Actually, this was to third gup in Combat Hapkido.

I still have a lot of tightening up of a couple Palgwes before I think I'll be considered for second gup in TKD.


----------



## stickarts (May 2, 2007)

congrats!!!


----------



## jim777 (May 2, 2007)

Congrats, that's awesome news! I've heard nothing but good things about Combat Hapkido, and I've got a seminar coming up next week (my first) in it that I've been looking forward to for weeks. Again, great news!

jim


----------



## Xue Sheng (May 2, 2007)

CONGRATULATIONS​


----------



## JBrainard (May 2, 2007)

That's awesome dude, congrats!


----------



## IcemanSK (May 2, 2007)

Congratulations!


----------



## Jade Tigress (May 2, 2007)

Awesome! Congratulations!!!! :asian: :asian: :asian:


----------



## jungkihapkidoamerica (May 2, 2007)

*Congratulations on passing your recent test!*


----------



## jdinca (May 2, 2007)

Wahoo!!! artyon:


----------



## Greg King (May 2, 2007)

CONGRATS!!!!!!:ultracool


----------



## exile (May 2, 2007)

crushing said:


> Actually, this was to third gup in Combat Hapkido.
> 
> I still have a lot of tightening up of a couple Palgwes before I think I'll be considered for second gup in TKD.
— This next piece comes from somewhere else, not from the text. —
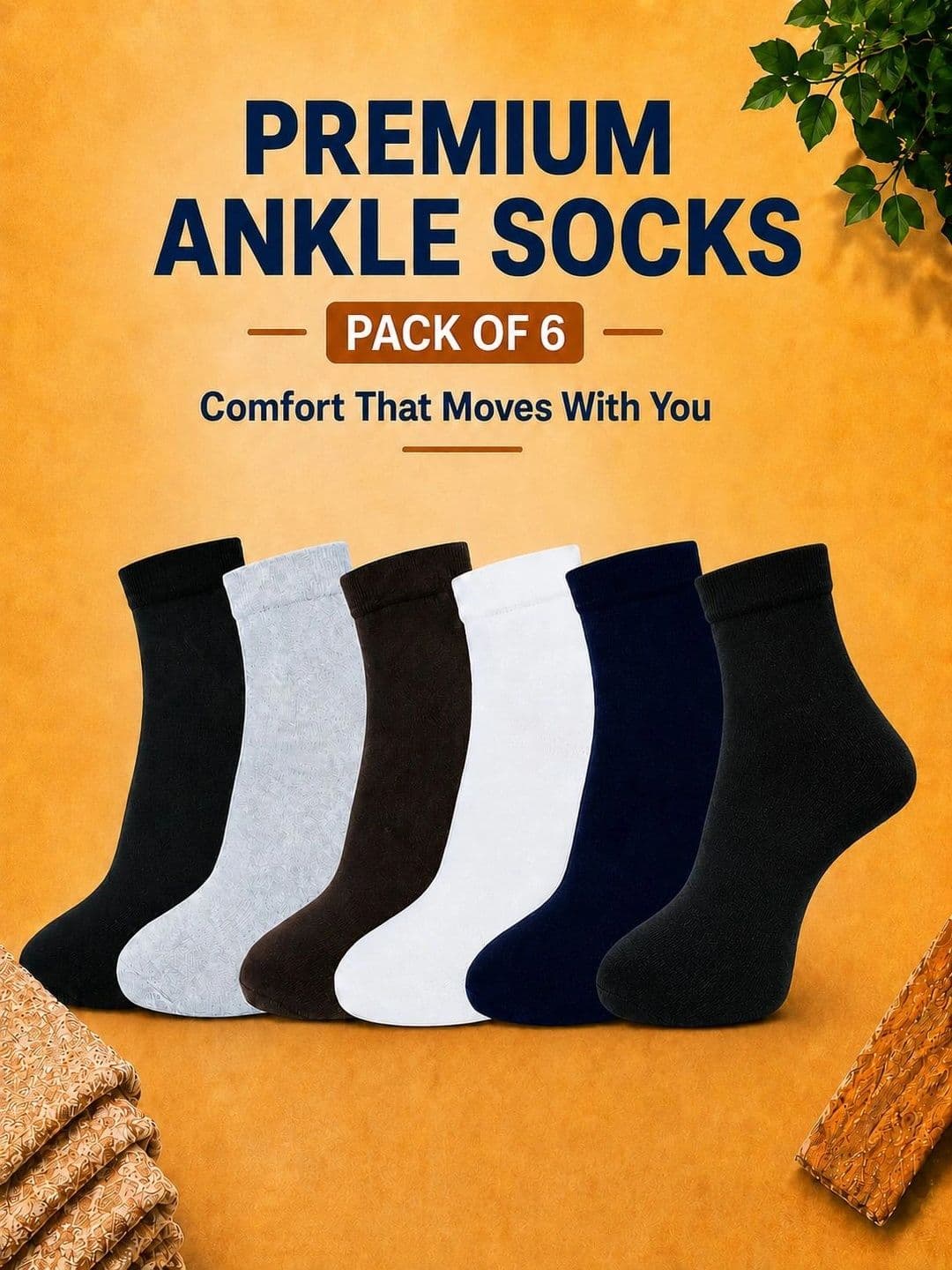 ADDOSSO Men Pack of 6 Cotton Assorted Ankle Length Socks thumbnail 5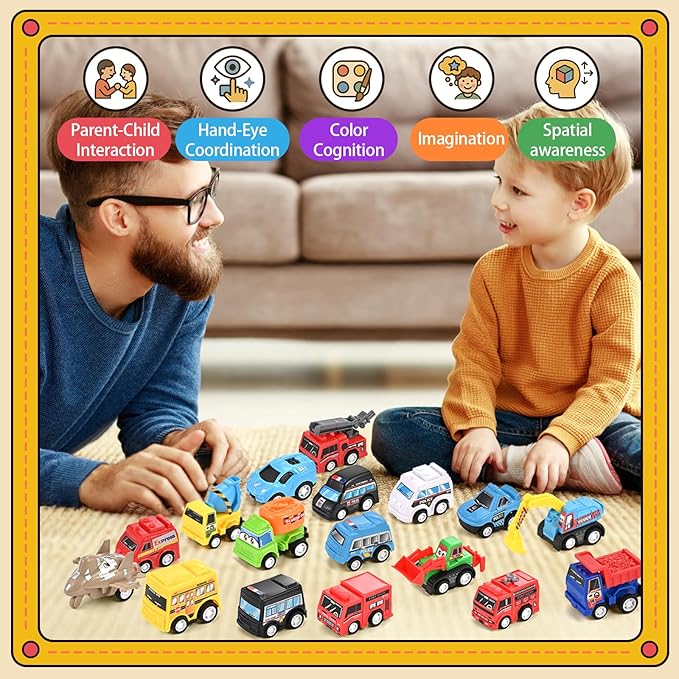 GOLDGE 30-Piece Pull-Back & Friction-Powered City Cars & Trucks Toy Vehicle Set for Toddlers, Boys & Girls – Educational Play, Stocking & Easter Basket Stuffers (30 City Cars and Trucks)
I have to say, CR, I'm a bit relieved. I'm quite happy with the TKD curriculum at my school, but looking at all the grappling and ground stuff you mentioned to get to red, I started wondering, how come I got to red, 2nd gup, and never once had to do anything involving ground escapes and so on? Of course, given that it's CH, that makes sense...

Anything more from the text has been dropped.